- Opening Delimiter -

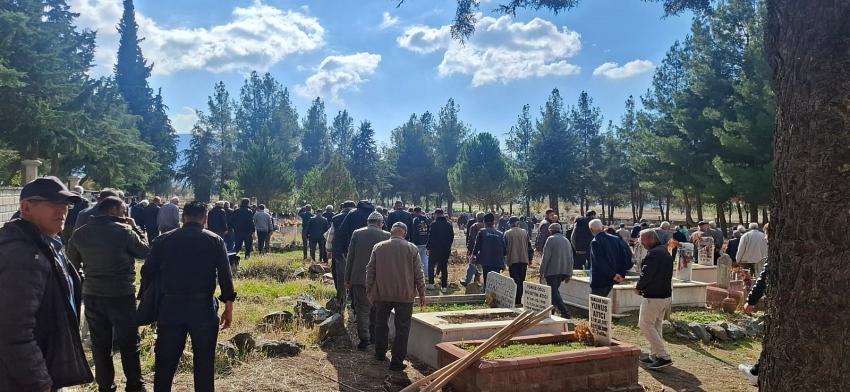 Burdur'da Yangında Can Veren Yaşlı Çift Toprağa Verildi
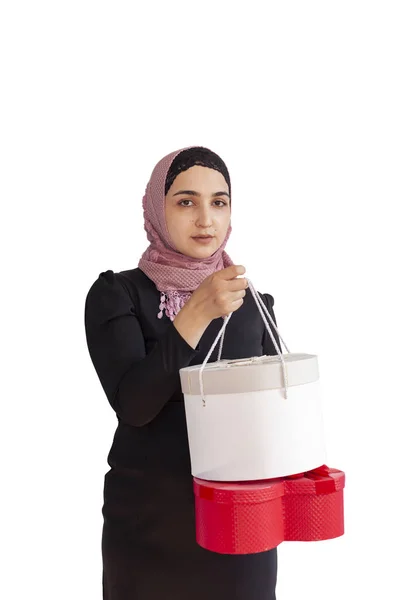 큰 선물을 받는 이슬람 소녀. 선물 상자를 들고 있는 이란 여성. 중동 여성들 이 선물 과 선물을 준비하고 있습니다. 쇼핑 개념 — 스톡 사진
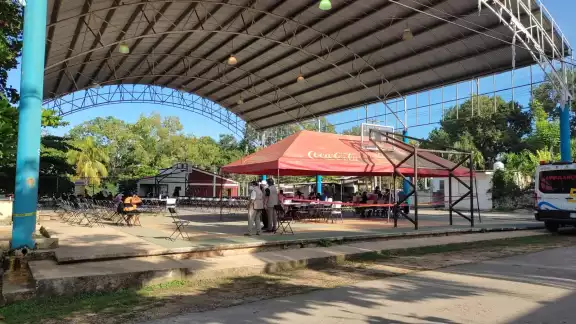 El domo lució con cerca de 10 personas al inicio de la vacunación anticovid en José María Morelos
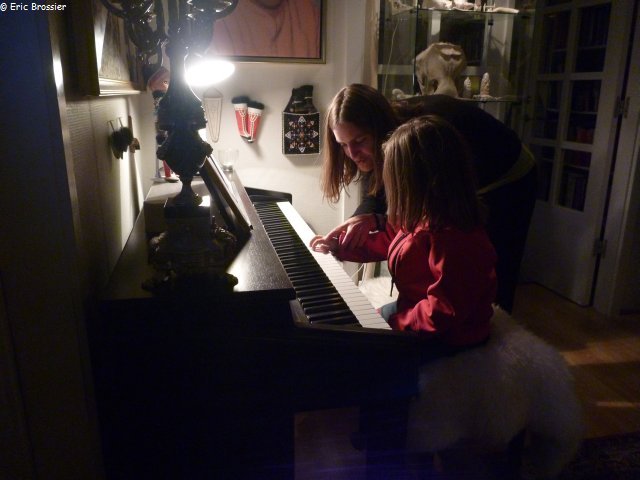025 Julie cours de piano Leonie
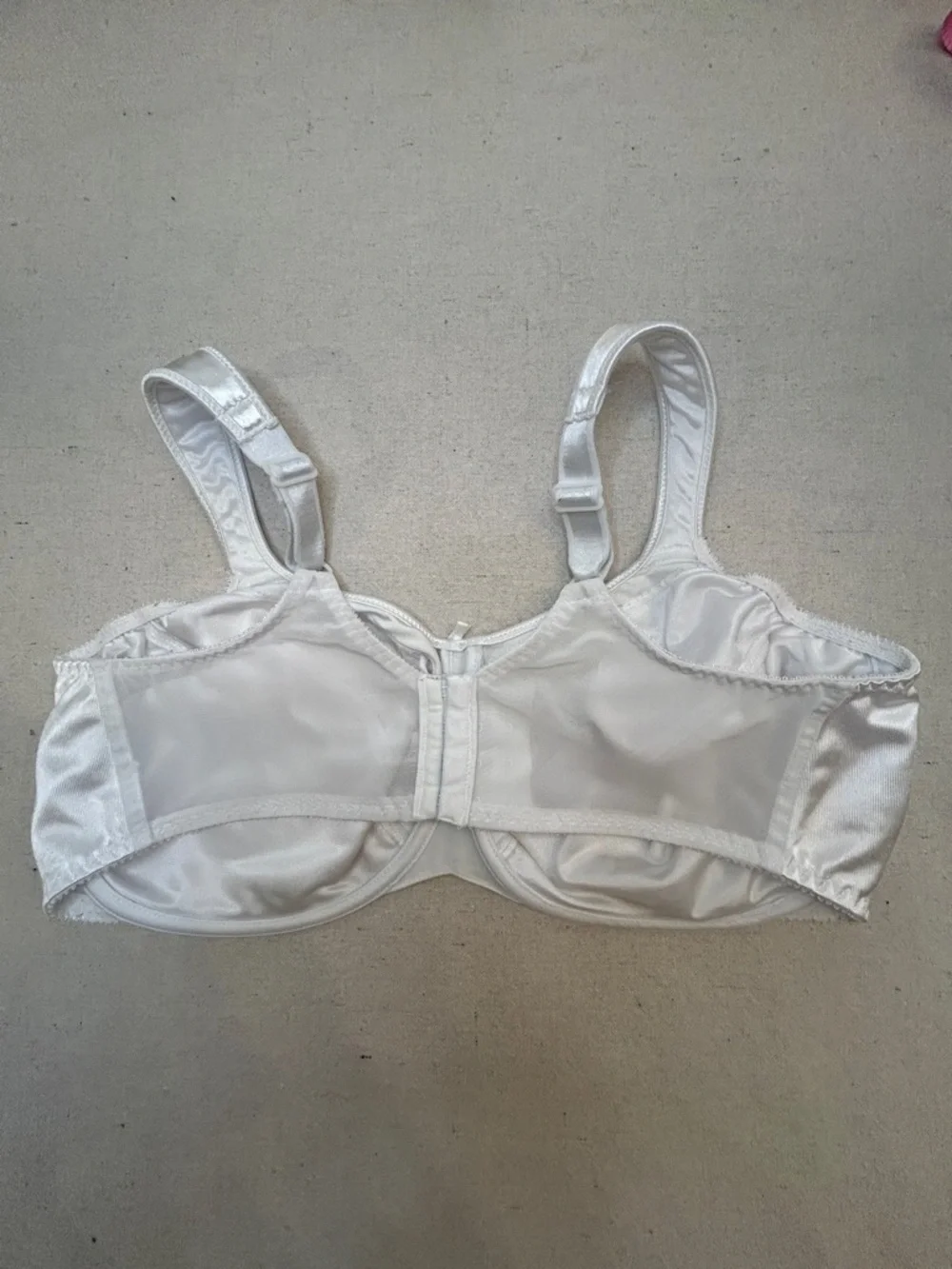 Bali Size 40DD/40E White Satin Tracings Underwire Minimizer Bra - Picture 5 of 9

- Closing Delimiter -

= TASK DESCRIPTION =
From the first line to the last, copy the records exactly and skip the pictures.

= FINAL ANSWER =
 Burdur'da Yangında Can Veren Yaşlı Çift Toprağa Verildi
 큰 선물을 받는 이슬람 소녀. 선물 상자를 들고 있는 이란 여성. 중동 여성들 이 선물 과 선물을 준비하고 있습니다. 쇼핑 개념 — 스톡 사진
 El domo lució con cerca de 10 personas al inicio de la vacunación anticovid en José María Morelos
025 Julie cours de piano Leonie
 Bali Size 40DD/40E White Satin Tracings Underwire Minimizer Bra - Picture 5 of 9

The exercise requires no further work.